No matter whether you are running PHP as mod_php or CGI, you can also set additional PHP options on a per-profile basis. By setting the "php_config_location_extra" parameter to point to a php.ini file, the options from this ini file will be appended to the rest of the PHP options from the normal application PHP config. This can be useful, for example, to force "display_errors" to always be turned on for a development machine.

Database configuration

For each database that the application uses, you should store the schema in the root directory, named "schemaX.sql" where X is the database number. (For the first schema, omit X - i.e. call the file simply "schema.sql").

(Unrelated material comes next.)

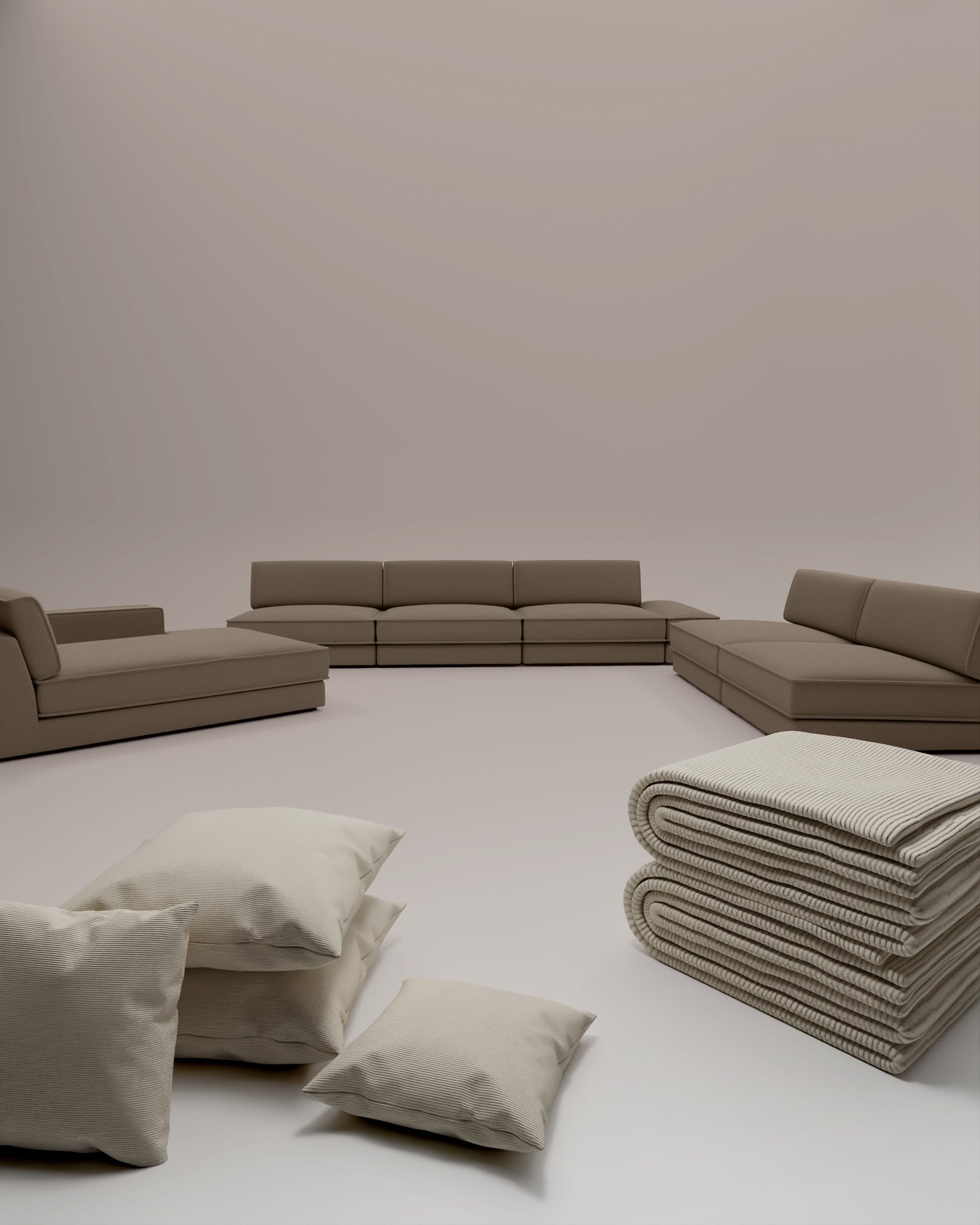3 in 1 Set Modular Sofa Terra in U-shape / sofa with sleeping function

In your code, you should use a template file (see above) and use the following macros:

  • @dbX_type@ - database type according to the PEAR conventions
  • @dbX_host@ - database host
  • @dbX_name@ - database name
  • @dbX_user@ - database username
  • @dbX_pass@ - database password

where X is the database number (to support apps that call on multiple databases)

e.g.

@db1_type@://@db1_user@@@db1_host@/@db1_name@/@db1_pass@

This will be replaced with the database hostname, which is selectable by the WADF client according to the profile in use. The above definitions are configured separately on the staging server, on a per-application basis.

Kickstart (setup) script

Often, you want to run a "kickstart" script after initial deployment, to pre-populate a database with initial values or something similar (not necessarily involving a database). To support this, WADF has a "kickstart_script" option which, if set, executes the specified script after deployment.

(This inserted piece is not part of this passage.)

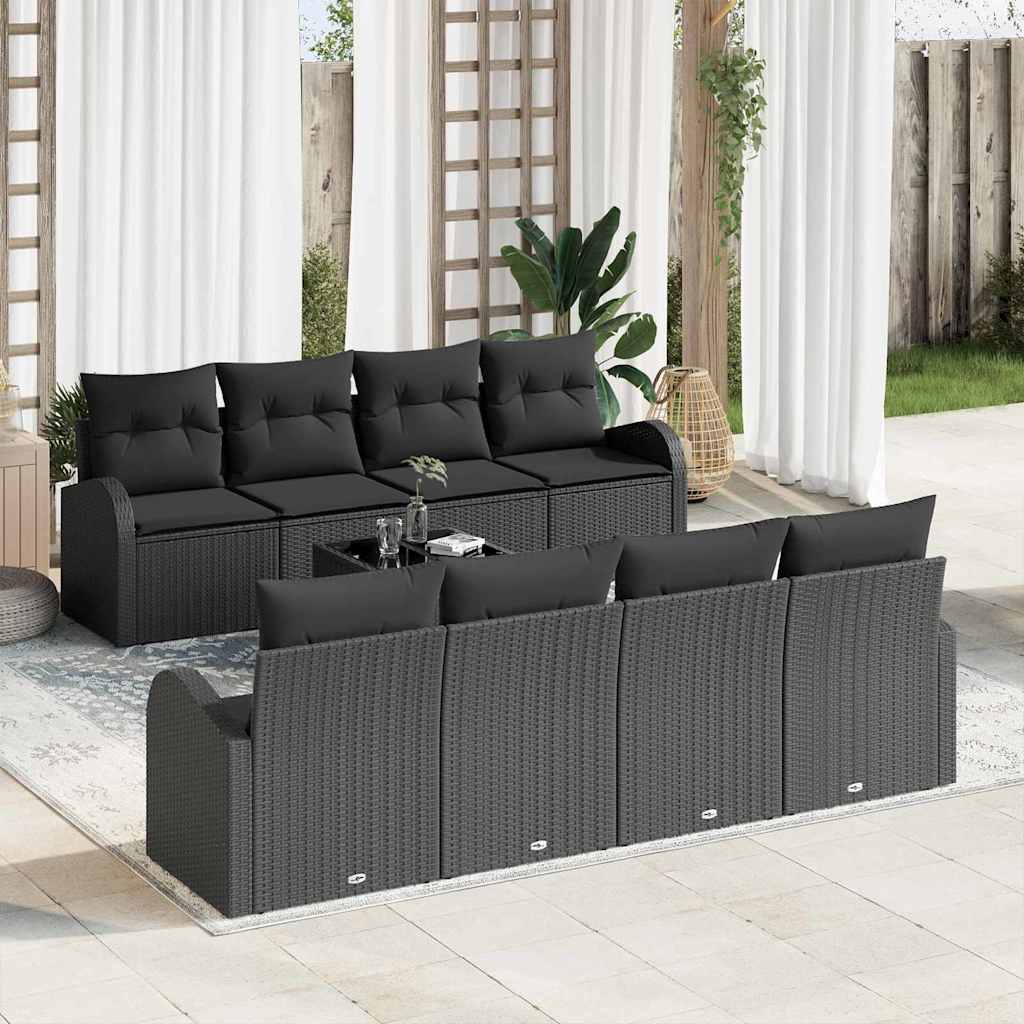 Garden Sofa Set with Storage 9 pcs Black Poly Rattan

When running a kickstart script, WADF sets some environment variables which can be useful in the script:

  • "DEPLOY_INITDB" is to indicate whether the database was re-deployed. It will be set to "1" if the database was re-deployed and "0" otherwise. This can be useful for the script to decide whether it needs to re-initialise values in a database or not.
  • "DEPLOY_VERBOSITY" indicates the verbosity level of WADF's output, where increasing numbers mean an increasing level of verbosity. Currently this will usually be "0", but will be "1" if WADF was called with a "-v" option. In the future, higher numbers may be used to indicate increasing levels of verbosity.
  1. ADDITIONAL CONFIGURATION

Although the default configuration options are probably sufficient for deployment of sites for development purposes (e.g. using auto-generated usernames and passwords), more complex configuration is required to manage the demands of a multi-stage environment where you may have (for example) development, staging and live environments that differ.

local_config

The local_config option specifies the location of a file where configuration directives pertaining to the specific application (rather than applications in general) can be put. By default this is in @deploy_path@/wadf.conf. The format of this file is exactly the same as other WADF config files and typically this will include several profile sections, containing environment-specific configs (such as database hostnames, virtual host hostnames etc.). It may also contain configuration variables which are specific to that application and which are not standard WADF variables. For example:

[globals]
; This is an option which is specific to this application and not a WADF
; standard variable
my_config_option = foo

[live]
vhost1_name = www.example.com
db1_host = @underscore:appref@.db.example.com
my_config_option = bar

[staging]
vhost1_name = staging.example.com

Sensitive configuration parameters

There may be some configuration parameters which you regard as sensitive and may not want to store in the version control system along with the main application, for reasons of security or privacy. For example, database passwords for your live servers. In that case, you may want the person deploying the application to have to enter them.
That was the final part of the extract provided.